Jatropha: wonder crop? Experience from Swaziland

May 2009

The search for alternatives to fossil fuel has seen a rush towards biofuels. This is contributing to rising food prices and increasing concern about our ability to grow enough food and fuel. Despite social and environmental concerns and unproven climate benefits of biofuels, the EU has set a target of 10 per cent road of transport fuel to come from biofuels by 2020. Against this backdrop, jatropha (Jatropha curcas) has been promoted by UK biofuel company D1 Oils as a wonder crop because of the plant’s ability to grow on marginal and semi-arid land, saying “it will not compete with food crops for good agricultural land”.1 Local non-government organisations (NGOs) have raised concerns about the social and environmental impacts of jatropha and studies have questioned some of the claims made about jatropha’s benefits. This report highlights those concerns for media and policy makers and questions some of the claims being made by D1 Oils and others for biofuel from jatropha. This report looks at D1 Oils’ activities in Swaziland, one of the countries where the company is leading the development of jatropha plantations. The report is based on first-hand evidence from farmers involved with D1 Oils and desk research on the impacts of jatropha.
By revealing major problems with jatropha production as a biofuel crop, this report poses questions for policy makers who are relying on the plant as a part of a future sustainable biofuel mix.

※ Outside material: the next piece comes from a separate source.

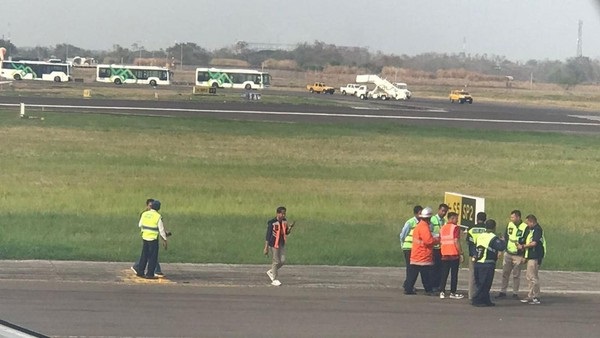 Suasana runway Bandara Juanda yang memperlihatkan pesawat Pelita Air IP 205 jurusan Surabaya-Jakarta berhenti dan dikerubuti petugas gegana dan sejumlah tentara karena adanya ancaman bom, Rabu (6/12/2023).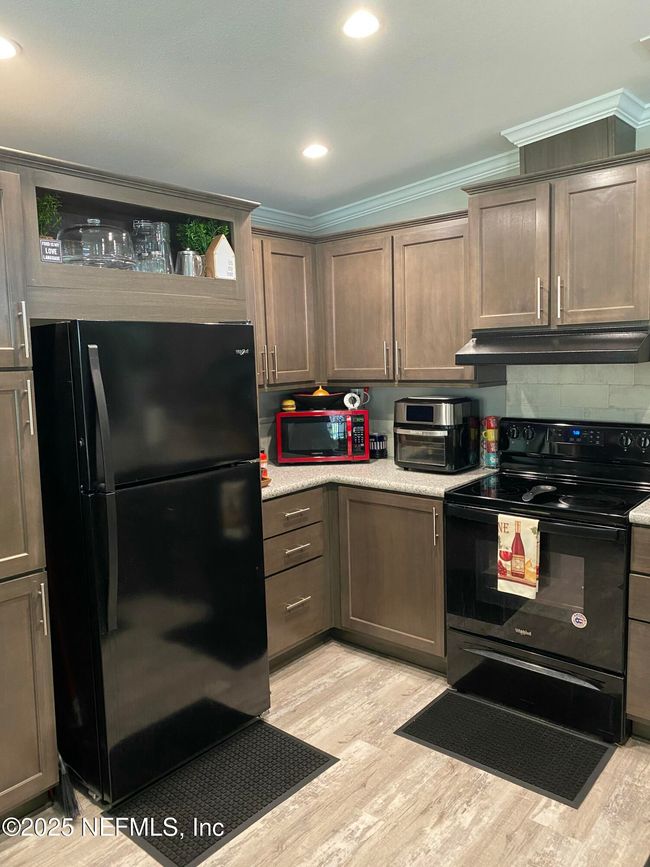 27303 New Front St, House other with 3 bedrooms, 2 bathrooms and null parking in Hilliard FL | Image 7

This report concludes that jatropha is not likely to be a silver bullet that will help the UK and EU meet their biofuel targets sustainably or solve the world’s energy needs. The oil yield from jatropha when it is grown on marginal or waste land with no water, fertiliser or pesticide input is at best uncertain. The high yields needed to make jatropha commercially viable as a biofuel crop are far more likely to be obtained when it is planted on fertile irrigated land. This could mean that widespread jatropha plantations for biodiesel compete with food production for fertile agricultural land. While jatropha is not a food crop, the use of the plant for biofuels still raises issues about competition with land use and food production. The experience from Swaziland, backed up by various scientific studies, implies that policy makers in the EU and UK need to treat jatropha with the same degree of rigour as other biofuel crops.